Imu e patrimoniali: quanto pesano su famiglie e imprese
Secondo la Cgia, a fare la parte del leone è l’Imu, l’imposta municipale unica. Nel 2024 ha fruttato 23 miliardi di euro, quasi la metà (45%) del totale delle imposte sulla ricchezza. Ma attenzione: l’Imu non colpisce solo le case di lusso. Pesano anche le seconde e terze abitazioni, i capannoni industriali, gli uffici, i negozi e i terreni edificabili. “L’Imu resta la tassa più pesante per chi possiede immobili”, spiega Paolo Zabeo, coordinatore dell’ufficio studi della Cgia.
Subito dopo, tra le imposte più rilevanti, ci sono il bollo su conti correnti, depositi e fatture con 8,9 miliardi, il bollo auto con 7,5 miliardi, e l’imposta di registro sulle compravendite immobiliari e sui contratti d’affitto che vale 6,1 miliardi.

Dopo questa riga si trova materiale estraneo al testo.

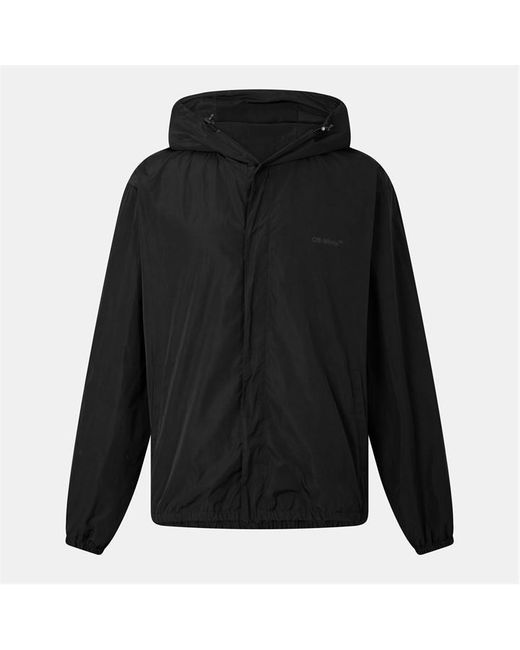 Off-White c/o Virgil Abloh Black Diag Print Technical Fabric Hooded Windbreaker for men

Mettendo insieme questi numeri, si capisce quanto già oggi il patrimonio, sia immobiliare che finanziario, venga tassato in Italia.
Pressione fiscale in salita: i numeri del 2024
La pressione fiscale totale nel 2024 si attesta al 42,8%, in crescita di 0,3 punti percentuali rispetto al 2023 e di 1,1 punti rispetto al 2022. Un dato che riapre il dibattito sulla sostenibilità delle tasse per famiglie e imprese. Tuttavia, secondo la Cgia, “con il governo di centrodestra non è aumentata la pressione fiscale sulle famiglie”. L’aumento registrato deriva in parte dal taglio del cuneo fiscale. Il bonus per i lavoratori dipendenti con reddito fino a 20 mila euro viene infatti considerato come aumento della spesa pubblica, non come riduzione delle tasse.

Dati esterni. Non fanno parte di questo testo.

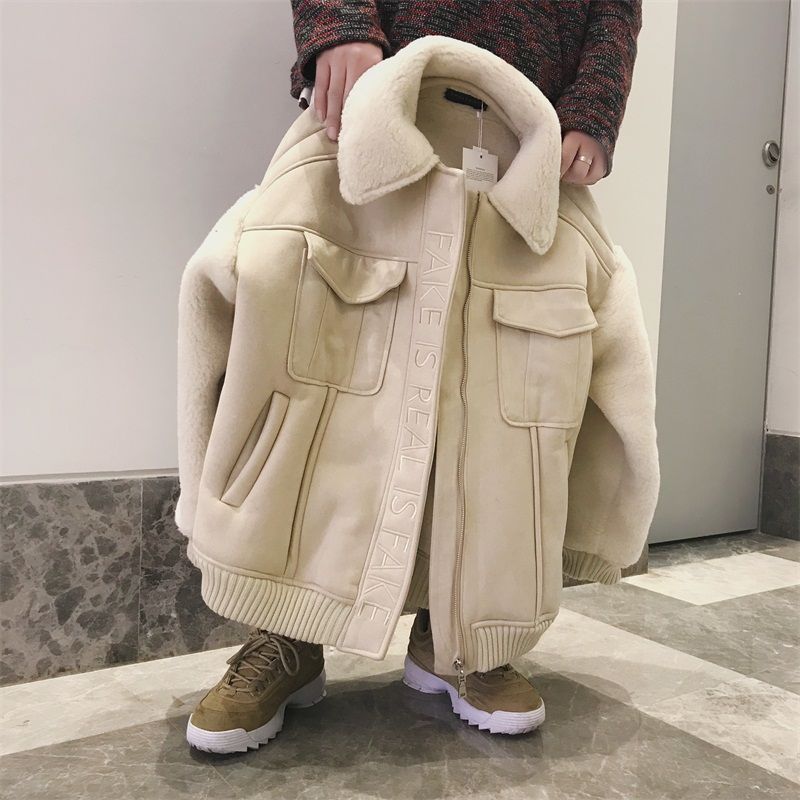 

2019 new men's thickened winter coat cotton jacket Korean Trend cotton padded jacket tooling winter streetwear, Beige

“C’è ancora chi chiede una nuova patrimoniale sui ricchi – osserva Zabeo – ma si dimentica il flop della supertassa sugli yacht. Forse sarebbe più utile recuperare risorse per scuola, sanità e servizi sociali combattendo seriamente l’evasione fiscale e tagliando gli sprechi nella spesa pubblica”.

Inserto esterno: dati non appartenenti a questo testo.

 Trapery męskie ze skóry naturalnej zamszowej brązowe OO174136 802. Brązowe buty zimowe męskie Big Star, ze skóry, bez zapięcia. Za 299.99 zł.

Evasione fiscale: dove si nasconde il nero
L’evasione fiscale resta un nodo cruciale. I dati del Ministero dell’Economia, ripresi dalla Cgia, parlano chiaro: nel 2022 sono stati evasi 102,5 miliardi di euro. La propensione a evadere è più alta in alcune regioni del Sud, come Calabria (20,9%), Puglia (18,9%) e Campania (18,5%). Ma in termini assoluti, a guidare la classifica sono Lombardia (16,7 miliardi), Lazio (11,4 miliardi) e Campania (9,4 miliardi). Seguono Veneto ed Emilia-Romagna, entrambe con 7,8 miliardi.
“Serve un cambio di passo – aggiunge Zabeo – soprattutto nelle zone dove l’evasione è più radicata. Solo così si potranno finanziare servizi essenziali senza aumentare ancora le tasse”.
Il confronto politico sulle patrimoniali
Il tema delle tasse sulla ricchezza continua a far discutere la politica. Da una parte chi spinge per nuove imposte sui grandi patrimoni, con l’obiettivo di finanziare welfare e investimenti pubblici. Dall’altra chi ricorda che il sistema italiano è già tra i più pesanti d’Europa sotto questo profilo. La Cgia invita a “razionalizzare la spesa pubblica” e a puntare sulla lotta all’evasione, invece di mettere in campo nuove tasse.
Nel frattempo, famiglie e imprese devono fare i conti con un carico fiscale che, tra Imu, bolli e imposte di registro, continua a salire. E la domanda resta aperta: come trovare risorse senza schiacciare chi già paga?